Dionisio Blanco se acercó a un kiosco de la plaza de Mérida y sin exigir presupuesto, pidió un vino y el tabernero le sopló 2 euros, o sea un sueldo, que le arruinó el peregrinaje por los bares de costumbre. Pero no se achicó. Dionisio echó cuentas y consideró que del 0,80 establecido a lo facturado, había un descuadre; como luchador del circo romano aguantó el zarpazo y recordó a su ancestro Trajano, que siempre desconfió de los escanciadores de vino y concluyó que aquello era injusto. En el kiosco de la plaza de su pueblo, el patrón arbitrario pretendía que el proletariado mordiera la arena:

--Sin abusar, se oyó gritar al aborigen presentando cara al avaro hostelero que pretendía de golpe cargarse la sociología elemental del chateo. Hay un proceder y un modo: --he pedido un vino, un chato, de frasca o garrafa, en la plaza de mi pueblo, sin cata, sin marca, sin añada, ni copa de embocar, no un Vega Sicilia, replicó sin resuello.

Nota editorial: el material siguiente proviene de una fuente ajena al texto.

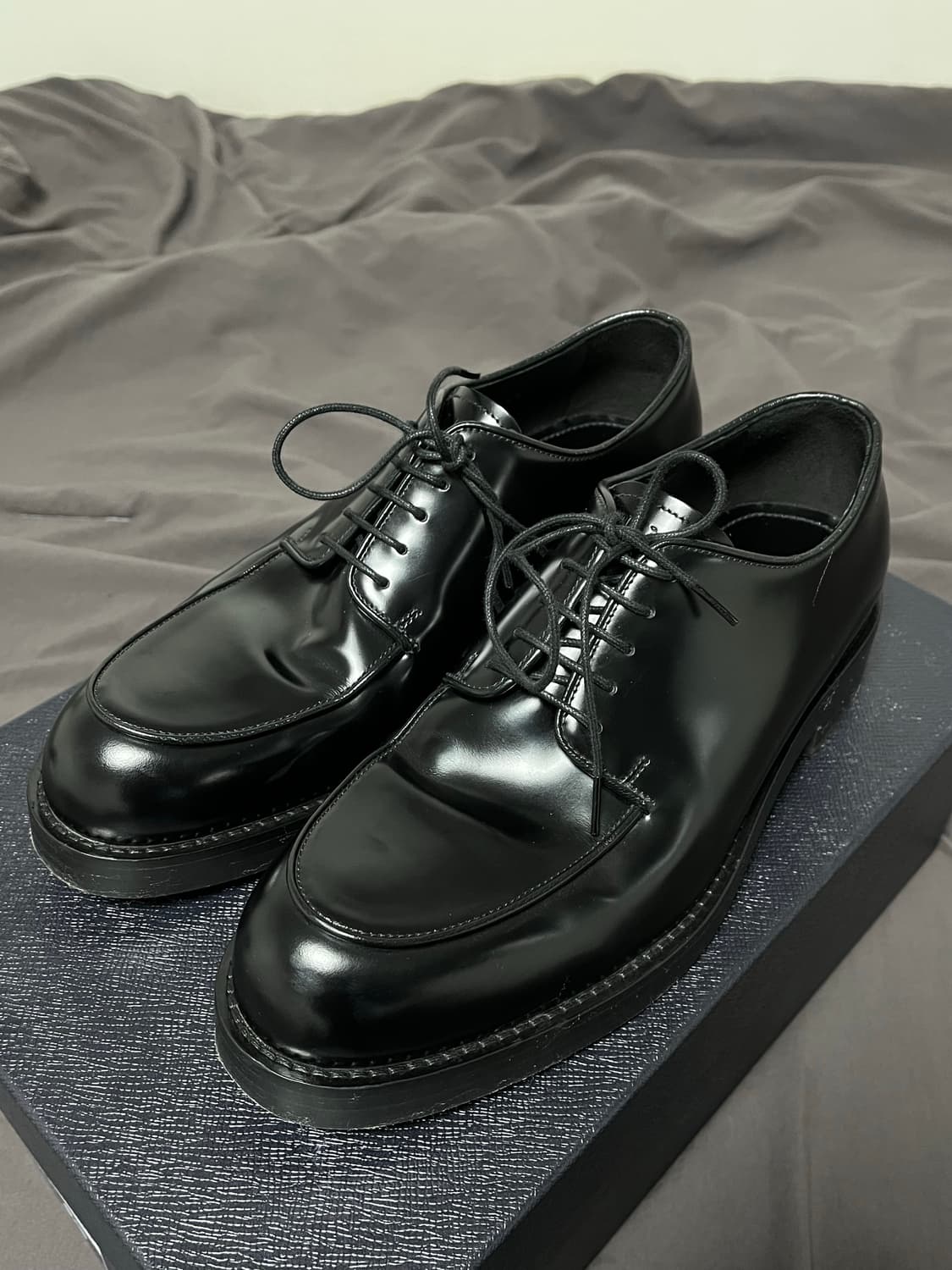 프라다 브러쉬드 가죽 더비 슈즈 상품이미지5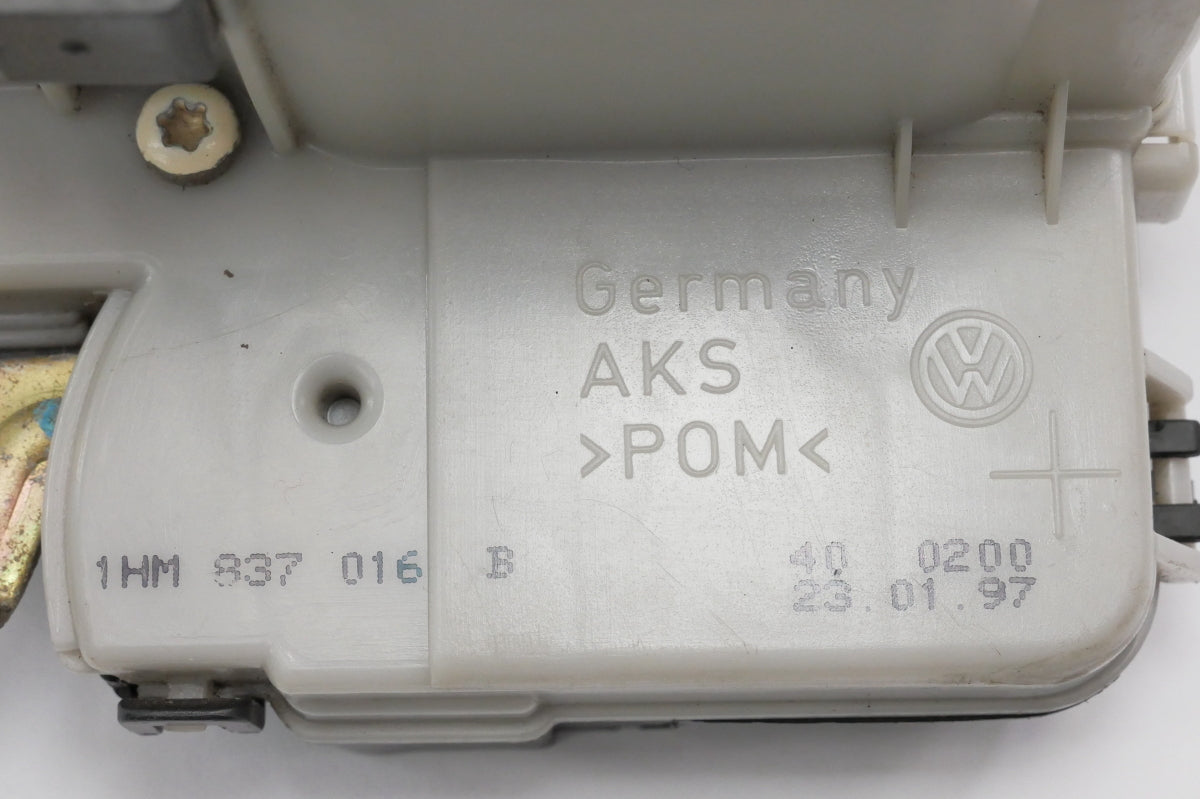 RH Front Door Lock Latch 96-02 VW Jetta Golf GTI Cabrio Mk3 OEM - 1HM 837 016 B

El suceso le viene al capitalismo autonómico, donde mucho alto cargo como a cargo del erario público y el tabernero autóctono cree que todo cliente va a cargar la consumición a lo consejería, hasta que llega un Dionisio o un funcionario raso con el sueldo base en el bolsillo. El socialismo burocrático se ha olvidado del funcionario raso y le mantiene a raya, con un sueldo de miseria, en la barra, a calamocho y vino peleón, mientras los directores generales se beben a cubos el reserva.

Dionisio ha levantado el banderín del orgullo casta que no admite que le estafen ni acepta el segundo vaso para que se calle, y ha encabezado la revuelta del chato al precio justo. El follón puede ser grave, por mucho que ahora, en elecciones, pongan, para calentar al personal, la barra libre; en la plaza de Mérida nadie lo duda: se está larvando la contienda del vino y el odio de clase pero no se sabe dónde va a ser la riña, si en el kiosko o en la urna.